2010/11/25/(Thu)07:43 
 友達に3年くらい前に書いた話見たいんだけど〜って言われて古いファイルを探してたんだけど、私オタク歴は長い割にBL書き歴が結構短くて、んで丁度探してたファイルのジャンルが、BLに向き合うの初挑戦状態だったから、なんか、もう、読み返せないにもほどがあった。ちょっとでもいちゃっとした途端動転せざるを得なかったよはずかしい〜!!! 幸いなことに、BL度の薄い話とか、薄い部分は案外冷静に読む…までは時間がないからしてないんだけど、目を通せる感じではあった。
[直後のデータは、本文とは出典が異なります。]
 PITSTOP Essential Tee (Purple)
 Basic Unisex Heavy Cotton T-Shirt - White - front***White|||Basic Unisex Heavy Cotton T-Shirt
ふう。
 文体が違ってて面白かったです。私すぐ読んでる本の影響受けるんです。一般の小節とかだと、面白がって敢えて影響受けっぱなしで書いてみたりもするものの、二次でそれやっちゃだめでしょ、って思ってはいるんだけど、当時の文章その友達の文章の影響受けすぎで驚く。ああでも、友達の文章がかっこよかったので、つられた私の当時の文章もちょっと硬くて、またこういう風に書きたいなと憧れた。って他にこの長文で語れる場所がないのでここで書いてみる。
 しかし、当時の文章、なによりあとがきが痛々しい…痛いよ!若気の至りすぎる。いや今も痛い人だと思うんだけど、その私が見て怯えるんだからきっと余程だよ。書いてたジャンルやカプに悪意は全くないし勿論好きなわけだけど、そういう関係ないところの痛々しさが突き刺さりすぎるからそっと蓋を閉じてしまいたくなる、そんなふたつ前のジャンル(3、4年前)。
 で、ファイル探してる過程で、そういえば私そのジャンルで罪とかなんとか書いてたなーとかふと思い出した
 その前のジャンルでもなんか罪とか言ってる人いたなー書いてたなーってこれはこの前ふとCさんの話眺めてて思いだした
 そもそもサイト作ってみたい!って思った最初のジャンルからして、多分3本目くらいの話で既に罪がどうのって言ってる話書いてた
 そうか私は罪萌えだったのか、ってえええーなんかそんなのやだ……


遅くなりましたが拍手のお返事です
(返信不要でいただいていたんで、お言葉に甘えてさらっと返信にさせていただいちゃいました)
22日の朝の方
読みの甘い九郎可愛いですよね! 10年たってもこれじゃあ先が思いやられます(笑) あでも、いただいたコメント拝見して、もしかしたら九郎はもうそういうのどうでもよくなってると可愛いな、と思いました。好物食べられちゃって表面上は悔しいんだけど、でも心の奥底では弁慶可愛いからいいかって思っちゃってる部分があって、本人それに気付いてないんだけど、結果として弁慶相手ならあんまり読みあいとかしなくてもいいかな、みたいな九郎可愛い! ってつい思っちゃった……んですが、実際文章にしてみたら、なんだかそれは御曹司殿に夢を見すぎだろう、とか、若干我に返ってしまったりしたんですが(すみません)なんにせよ、九郎可愛いですよね! 楽しんでもらえたなら嬉しいです。コメント拝見して私も一日頑張れました、ありがとうございます!


22日の夜の某さん
ちっちがうよ! 弁慶さん食べ物のことになると生き生きしてるんじゃないよ! 九郎のリアクション見て楽しむことに全力な訳で、けして天ぷらを食べる事に一生懸命なわけじゃないし、ましてやそんな私が食い意地が張ってるとかそんな……うっ……なんでバレたんだろう……君はいけない人ですね!
食べ物の事になると生き生きしちゃう私が、くだらないことで言い合う(張り合う)五条可愛いよね大好き!!って思って書くと、つい食べ物ネタになっちゃうみたいです。昔のことも覚えていてくださってありがとうございました。続きもご期待に沿える…とは思えないんですけど頑張ります。ありがとうございます!


拍手もありがとうございます!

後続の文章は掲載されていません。